The Achilles tendon is considered the most robust tendon within the body. This tendon attaches your posterior muscles on the heel bone, so transfers the loads in the calf muscles through to the feet for running and walking. One significant physiological disadvantage of this Achilles tendon is that it and the calf muscles is a two-joint design. This means the Achilles tendon and the calf muscles crosses two joints – the knee joint along with the ankle joint. When throughout activity the two joints will be moving in opposing directions, in this case the ankle joint is dorsiflexing simultaneously that the knee is extending, then the strain on the Achilles tendon is really high and if there may be some weakness or problem with the tendon it could rip or break. This may take place in sporting activities like basketball or volleyball where there is a quick stop and start movements.

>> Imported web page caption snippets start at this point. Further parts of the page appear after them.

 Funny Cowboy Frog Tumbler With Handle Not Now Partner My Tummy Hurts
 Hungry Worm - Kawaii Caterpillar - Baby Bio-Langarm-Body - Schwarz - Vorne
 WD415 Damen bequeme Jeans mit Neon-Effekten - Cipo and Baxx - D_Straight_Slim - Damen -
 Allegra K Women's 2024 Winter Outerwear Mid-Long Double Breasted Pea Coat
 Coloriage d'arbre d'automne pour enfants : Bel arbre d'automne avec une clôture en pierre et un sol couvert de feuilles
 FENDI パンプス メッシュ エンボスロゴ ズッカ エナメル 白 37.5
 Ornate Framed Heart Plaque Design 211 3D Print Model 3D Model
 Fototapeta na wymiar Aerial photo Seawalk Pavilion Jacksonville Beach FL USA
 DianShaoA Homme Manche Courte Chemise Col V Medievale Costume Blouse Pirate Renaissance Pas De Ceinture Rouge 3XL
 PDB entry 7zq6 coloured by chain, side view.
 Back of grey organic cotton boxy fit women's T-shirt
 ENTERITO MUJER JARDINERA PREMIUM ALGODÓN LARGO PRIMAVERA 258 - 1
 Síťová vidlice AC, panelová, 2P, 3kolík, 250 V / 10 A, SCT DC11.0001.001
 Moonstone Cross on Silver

In the event the Achilles tendon will rupture it is usually somewhat dramatic. In some cases there is an audible snap, yet in other cases there can be no pain and the athlete only collapses to the floor since they loose all strength with the calf muscles through to the foot. There are numerous video clips of the Achilles tendon rupturing in athletes to be found in places like YouTube. A simple search there will locate them. The video clips clearly show just how extraordinary the rupture is, just how easy it appears to take place and exactly how instantly disabling it really is in the athlete when it happens. Clinically a rupture of the tendon is quite apparent to identify and assess, as when they contract the calf muscles, the foot won't move. When standing they can not raise on to the toes. The Thompson test is a evaluation that when the calf muscle is compressed, then the foot should plantarflex. When the Achilles tendon is torn, then this doesn't occur.
The first-aid treatment for an Achilles tendon rupture is ice and pain relief and for the athlete to get off the leg, typically in a walking brace or splint. You can find mixed thoughts on the definitive treatment for an Achilles tendon tear. One option is operative, and the alternative option is to using a walking support. The science comparing the 2 options is quite obvious in demonstrating that there's no contrast between the 2 about the long term outcomes, so you can be relaxed in understanding that whatever treatment methods are used, then the long terms results are similar. In the short term, the surgical treatment does get the athlete back to sport more quickly, but as always, any surgery may have a little anaesthetic danger and surgical site infection risk. That risk should be weighed against the call to come back to the sport quicker.
What's probably more significant in comparison to the selection of the surgical or non-surgical treatment is the rehabilitation after. The data is reasonably clear that the sooner weight bearing and motion is completed, the more effective the outcome. This needs to be undertaken progressively and slowly but surely permitting the tendon and the calf muscles to build up strength prior to the return to sports activity.